[Brief descriptive captions]
<<<<
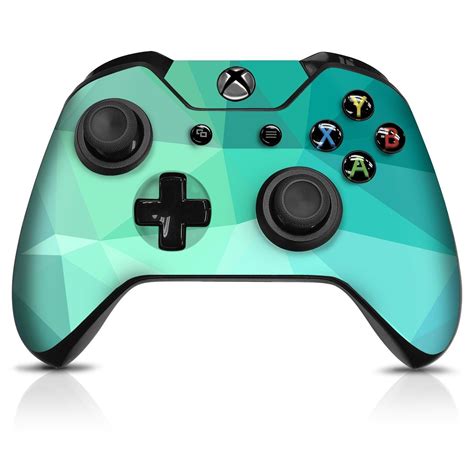 Teal Poly Xbox One Controller Skin Officially Licensed By Xbox Controller Gear Mando Y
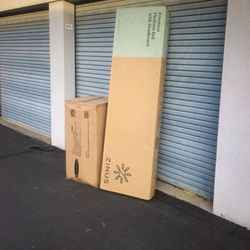 Brand new queen mattress comes with queen bed frame 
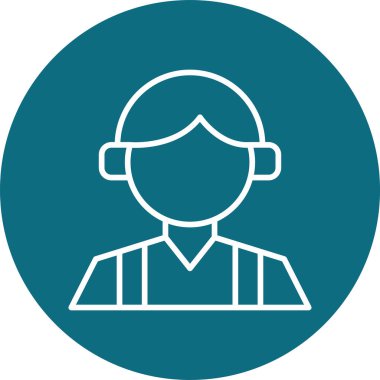 Erkek avatar simgesi basit illüstrasyon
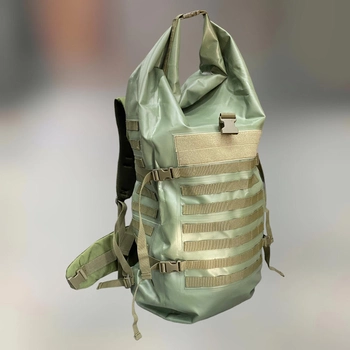 Герметичний баул-рюкзак NERIS, 80 л, колір – Олива, герморюкзак, гермобаул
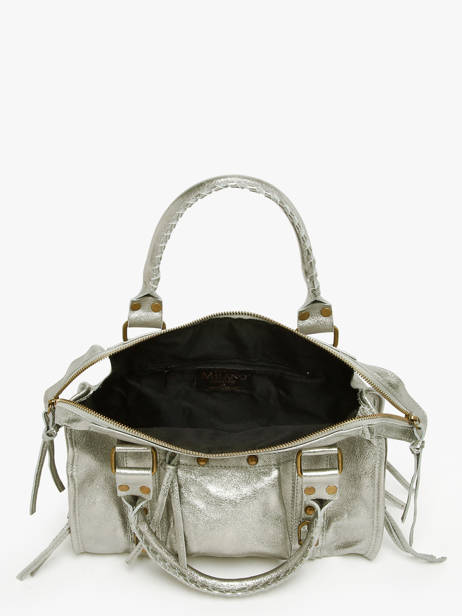 Schoudertas Nine Leder Milano Goud nine NI24092 ander zicht 3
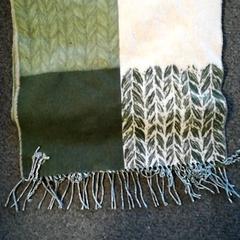 Shawl Groen beige blaadjes print, as reported by Burgers' Zoo using iLost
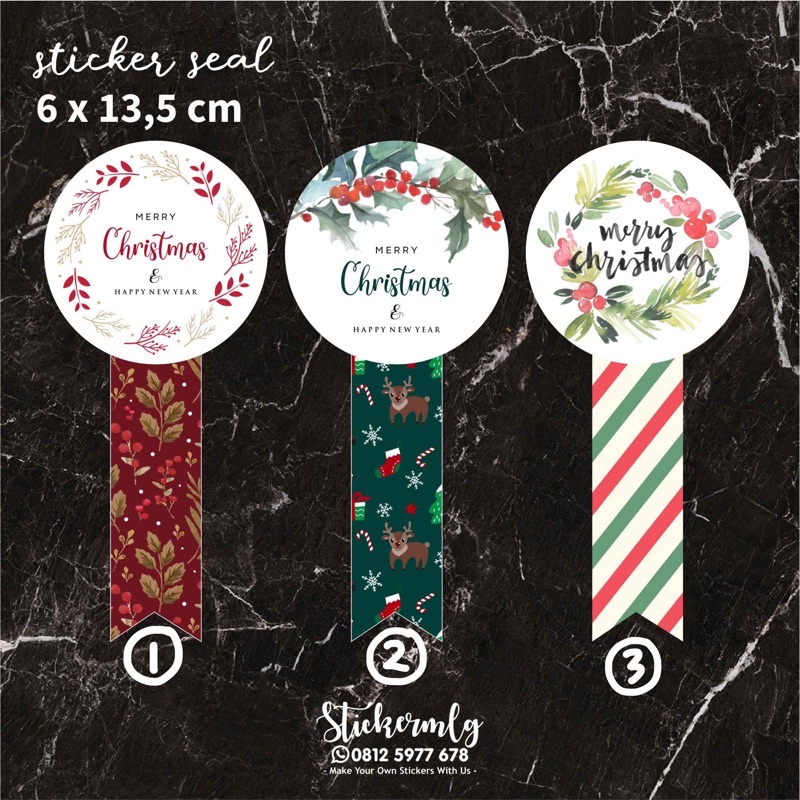 

STICKER SEGEL / SEAL / BELT NATAL CHRISTMAS 02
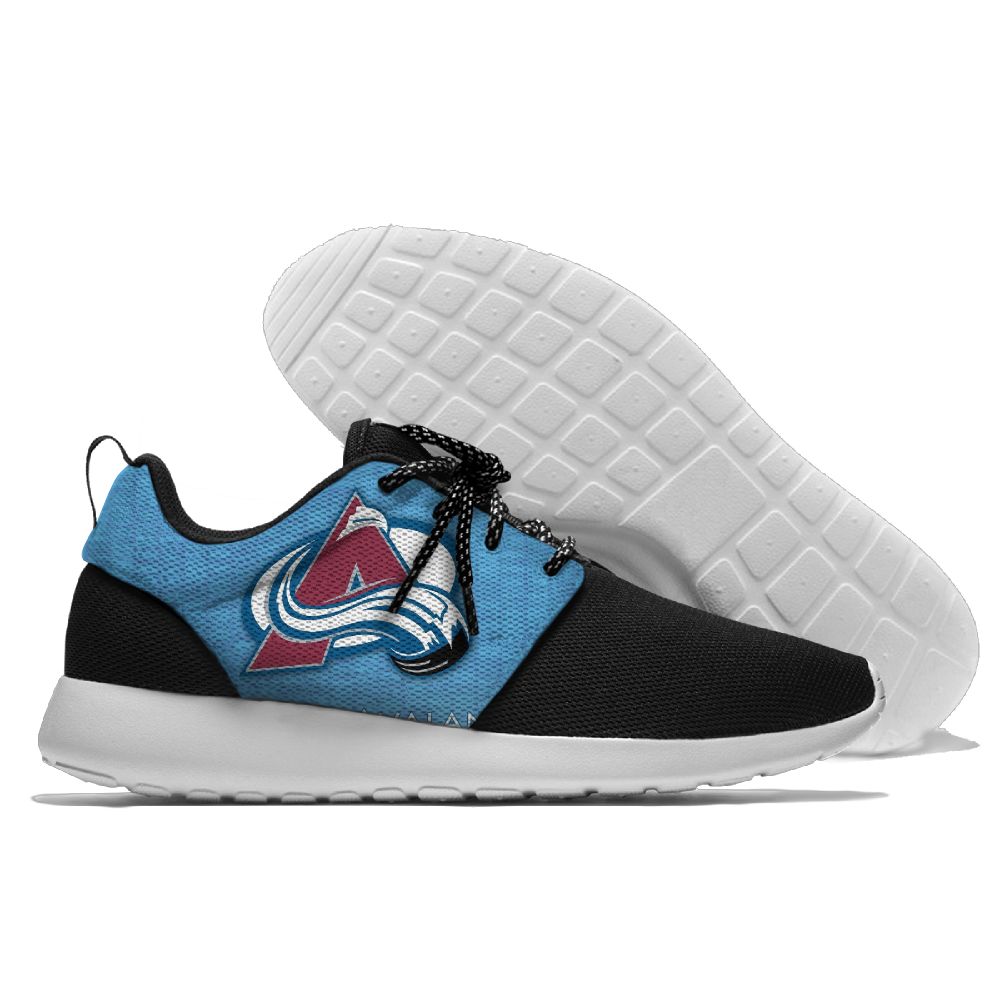 Women's NHL Colorado Avalanche Roshe Style Lightweight Running Shoes 001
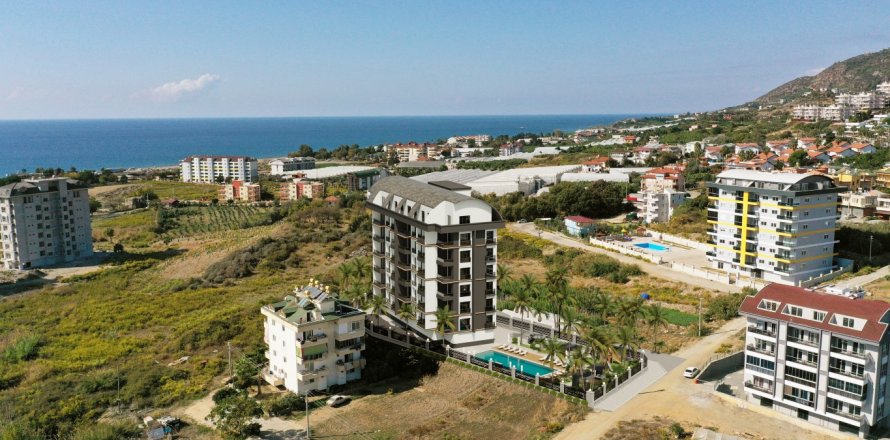 آپارتمان در  Alanya ، ترکیه 1 خوابه ، 58 متر مربع.  شماره 179475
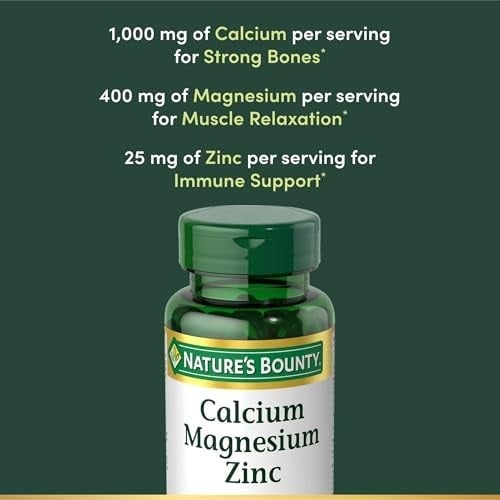 Natures Bounty Calcium Magnesium Zinc + D3 1 Paket(1 x 1 Stück)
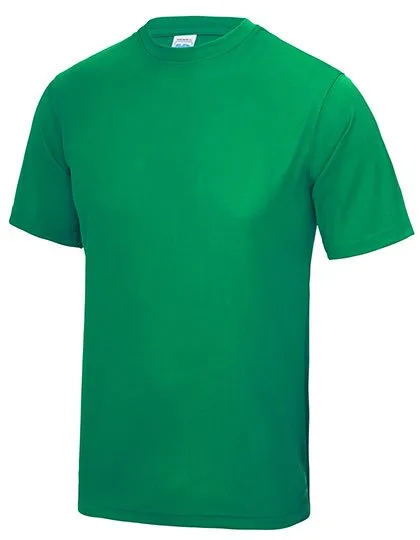 Just Cool Kurzarm-T-Shirt mit UV-Schutz für Kinder, Kelly Green 9/11 (L), JC001J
>>>>
Transcribe the lines that run from the line bearing "Women's NHL Colorado" through the last line of the data. Keep the wording exact and leave out every picture.

 Women's NHL Colorado Avalanche Roshe Style Lightweight Running Shoes 001
 آپارتمان در  Alanya ، ترکیه 1 خوابه ، 58 متر مربع.  شماره 179475
 Natures Bounty Calcium Magnesium Zinc + D3 1 Paket(1 x 1 Stück)
 Just Cool Kurzarm-T-Shirt mit UV-Schutz für Kinder, Kelly Green 9/11 (L), JC001J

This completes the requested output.